Questioning those judging the community on choosing to sell their bodies to earn a livelihood, the activist snapped back at the audience saying, "It is not a fellow hijra who agrees to sleep with us!"

She added that the community would not have had to indulge in the trade were they provided equal employment opportunities.

However, Laxmi, while lauding the Pakistani hijra community for having initiated their struggle way before it started off across the border, expressed disappointment over the use of the word 'transgender' by the country's literati.

Endorsing Bindiya’s comment over hijras being sex-workers, Laxmi confidently remarked, “We want opportunities. You can keep your reservations with what we choose to do in your pockets!”

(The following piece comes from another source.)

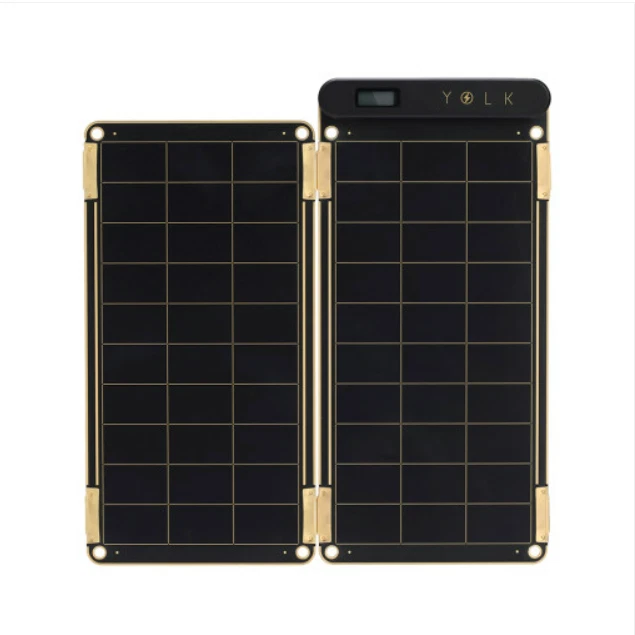 YOLK Portable Solar Charging Panel 5W Solar Paper Main Panel 1 + Sub Panel 1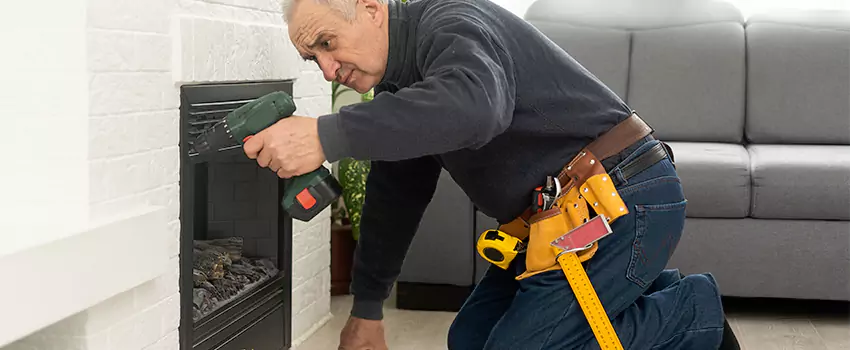 New Indoor Fireplace Installation in Calverton, Maryland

Citing a soon-to-be-presented bill on the community’s rights in the Indian parliament, Laxmi outright rejected the idea of accepting it on the premise that it was formed without taking the hijra community onboard.

Poking fun at the maddening race behind trying to rehabilitate the less-equal gender/communities, Laxmi retorted, “Ahhh, rehabilitation! Our bureaucrats just love it!”

Sending the audience into peals of laughter, the fiery activist further commented,
“You can’t hand a sewing machine to a sex-worker and believe that they have been rehabilitated.”

She called for mapping the community in order for them to be provided their rights, rather than devising half-cooked policies based on rough statistics.

Journalist Reema Abbasi spoke on the need to form a prison manual in order to keep the hijras safe from sexual assaults and molestation at the hands of law enforcers, incidents that are rampant in both India and Pakistan.